The ceremony was beautiful. The weather had cooperated perfectly by giving them a sunny, warm afternoon with just the slightest breeze. Kara sent up a prayer of thanks as she walked down the center of the lawn to the apple tree where Hayes and the priest stood.
Michelle and Hayes had written their own vows and after they were spoken, Kara happened to glance out over the audience to blink away her tears. She nearly gasped out loud when she saw Thomas in a chair that had been empty until about five minutes before the ceremony began. When had he arrived? She took a deep breath in an attempt to calm her nerves and to try to stop her hands from shaking before she turned her focus back to her best friend’s wedding. She’d deal with him later, if he even stuck around.

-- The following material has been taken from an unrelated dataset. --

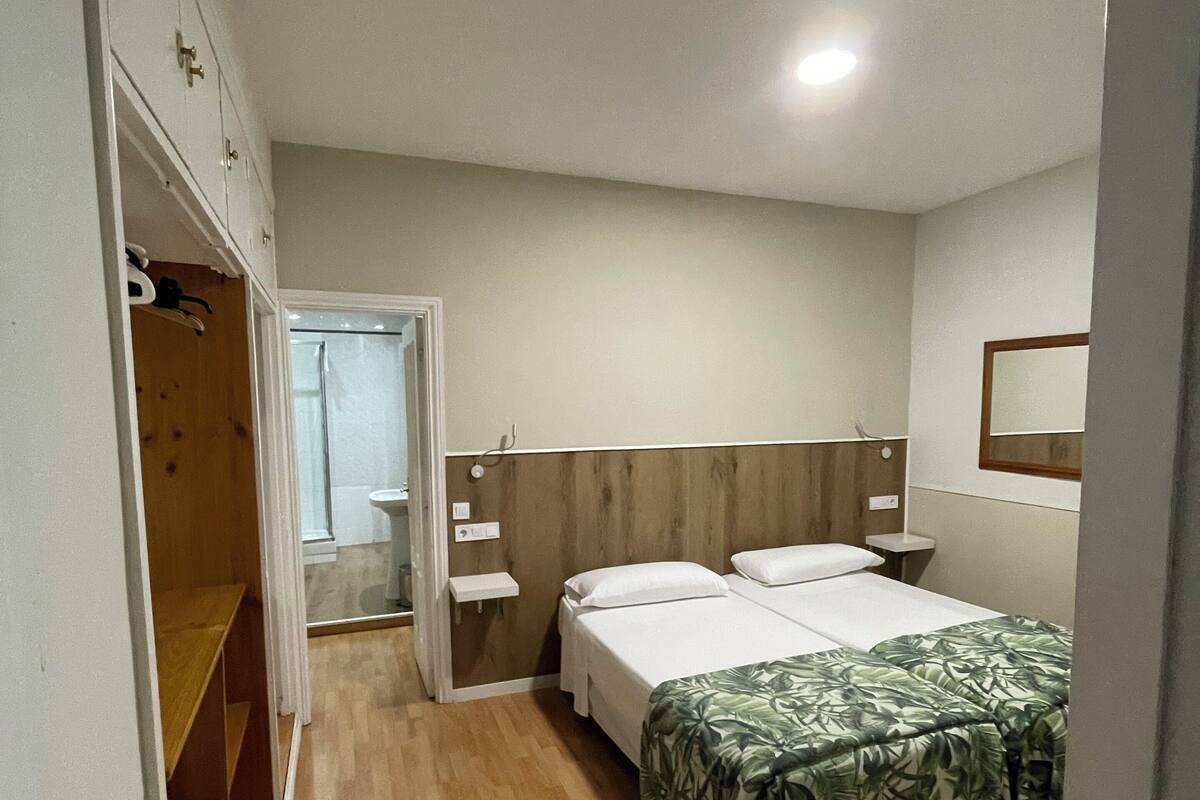 Un dormitorio con piso de madera, una cama con cubrecama estampado de hojas verdes, una mesita de noche y un buró.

He had been invited by Michelle so maybe he just hadn’t wanted to be rude.
When the ceremony was done and Hayes and Michelle began the receiving line, Kara slipped away and walked over to Thomas. He was standing away from the crowd, near the shelter of the apple tree. She wondered what he was going to say to her. She wondered what she should say to him.
“Hello,” was all she managed to say once she got close to him. She was proud of herself when her voice stayed steady. She really hadn’t thought it would.
“You look wonderful,” he said softly as he looked at her.
“Michelle has good taste,
” Kara replied. “And she let me help.”
Thomas gave a shy, half smile as he nervously shoved his hands into the pockets of his suit pants.
“What are you doing here?” Kara asked bluntly when he didn’t immediately speak again.
“I was invited,” he reminded her. “That isn’t my reason though. Honestly, I just wanted to see you.”
“Well,” she said. “Now you have.”
His face fell and he gave a slow nod. “You’re right. I shouldn’t have come.”
“No,” Kara said involuntarily when he started to walk away. “I shouldn’t have said that. You don’t have to leave just yet. I know Michelle and Hayes would love to get a chance to see you before they go on their honeymoon.”
He followed her without saying a word as she walked over to the newlyweds.
“Hi!” Michelle said when she saw him. “I thought that was you in the back row! I’m so glad you came.”